ControlNet / MARLIN

[CVPR] MARLIN: Masked Autoencoder for facial video Representation LearnINg
https://openaccess.thecvf.com/content/CVPR2023/html/Cai_MARLIN_Masked_Autoencoder_for_Facial_Video_Representation_LearnINg_CVPR_2023_paper
Other
209 stars 20 forks source link

How to finetune the pre-trained MARLIN encoder for a video classification task? #21

Closed imxtx closed 3 months ago

imxtx commented 7 months ago

Thank you for this great work! I have a video classification task, how to finetune the pre-trained MARLIN encoder? I have videos with an average length of 5 mins. What should I do to prepare the dataset? What parts of code should I modify?

ControlNet commented 6 months ago

Hi, please check the finetune code for CelebV-HQ. I think it is feasible to adapt your dataset to it.

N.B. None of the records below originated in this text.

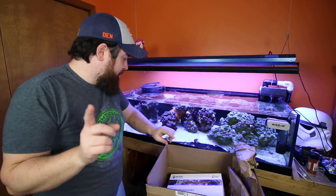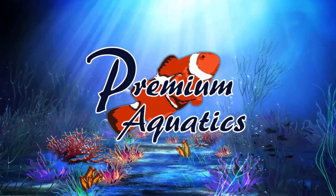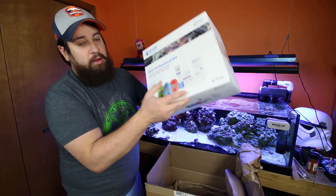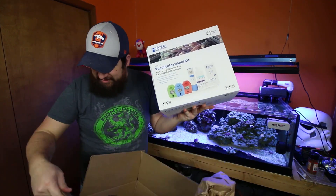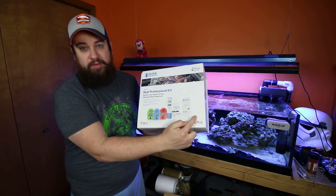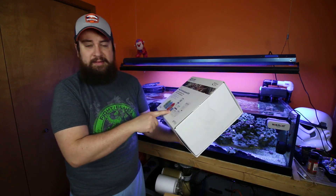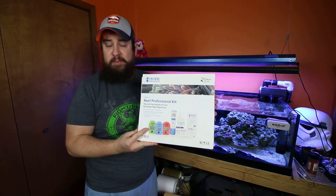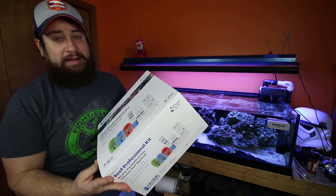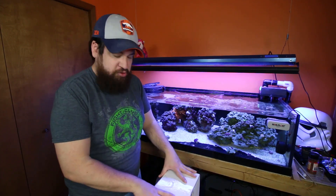This week we are looking at this box — I've already opened it, I'm sorry, don't be mad. This is the Hanna Instruments Reef 2, a professional test kit. There are several things included: phosphorus ULR, alkalinity, calcium, salinity, some testing solutions, reagents, and deionized water. I'll put a link in the description. It comes with a lot of necessities, especially for those doing calcium-based corals and dosing calcium.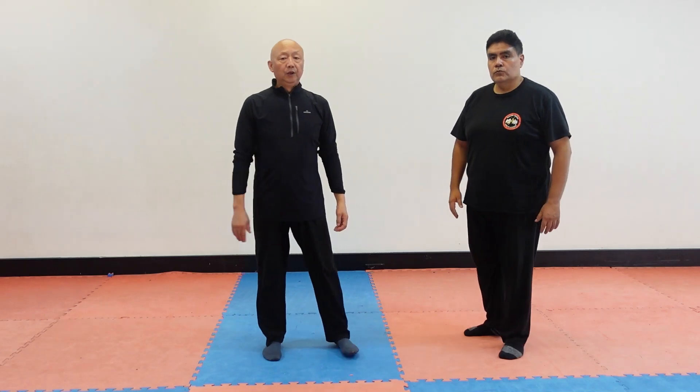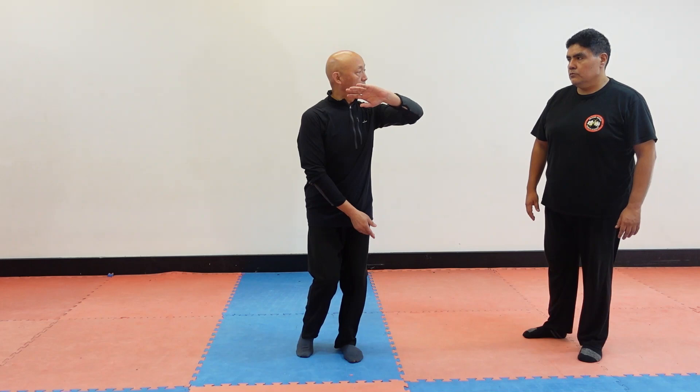When you hold the ball on the left side, then next one, just with the arm, and struck. Hold the ball.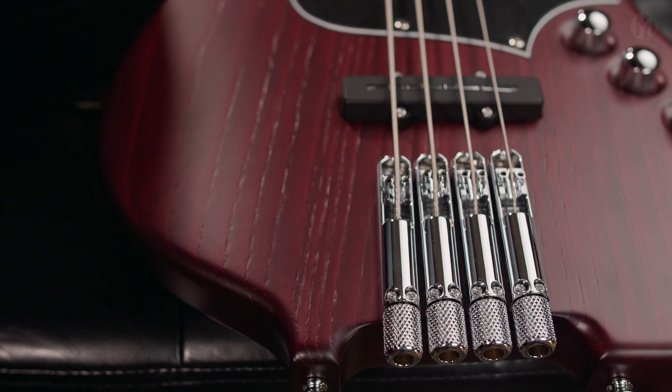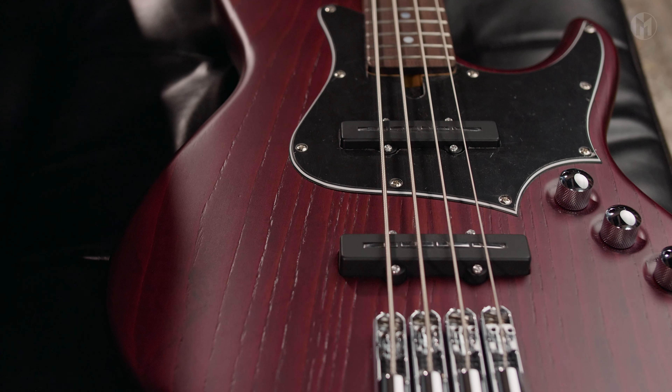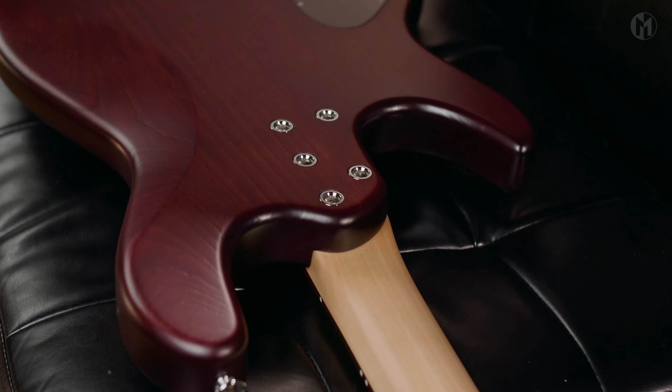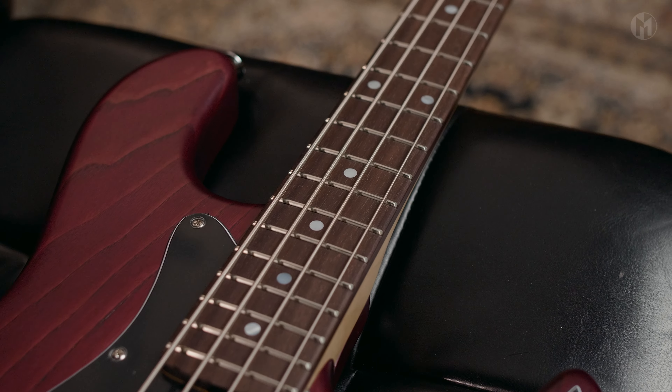Today we have an Elwood L4P headless short scale. It has an ash body in a bishop matte finish. The bolt-on maple neck features carbon rods and houses a katalox fingerboard with 22 frets and mother-of-pearl dot inlays.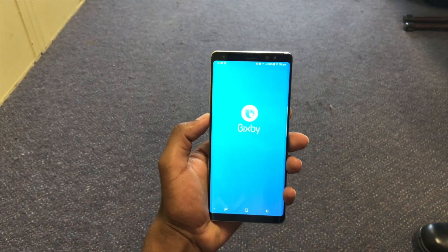Hey guys, Niru here, and a while back I uploaded my Samsung Galaxy S9 impressions video, and this is the full review. The Samsung S9 and S9 Plus are Samsung's first entries into the 2018 smartphone battle, and it's a pretty strong start for Samsung in some categories, and not so strong in some other categories.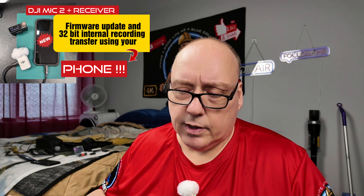The DJI Mic 2, which you can pair with your Osmo Action 4, also has 32-bit float recording. If the audio gets compromised or you lose connection, you can record internally. I even showed in a previous video how to not only do a firmware update using just your phone, but also transfer the 32-bit float recording directly to CapCut if you're editing on your phone.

imxtx commented 6 months ago

Thank you very much. I'll look into it.

imxtx commented 6 months ago

Hi authors, I tried to preprocess my custom videos like the celebv-hq dataset, but I found that the output video jitters between frames because the face cropping bounding boxes are different between frames. I'm wondering if it is okay to use them to finetune.

ControlNet commented 6 months ago

Hi, you can have a try with the naive frame-level cropping. If it the finetune performance doesn't work well, you can try to fix the crop size to make it have less "jitters".

imxtx commented 6 months ago

I want to download the pretrained model. May I ask what does Encoder MACs mean? Thank you!

image
ControlNet commented 6 months ago

MACs is Multiply-Accumulate Operations, to measure the time complexity of the model.

imxtx commented 6 months ago

MACs is Multiply-Accumulate Operations, to measure the time complexity of the model.

Thank you very much.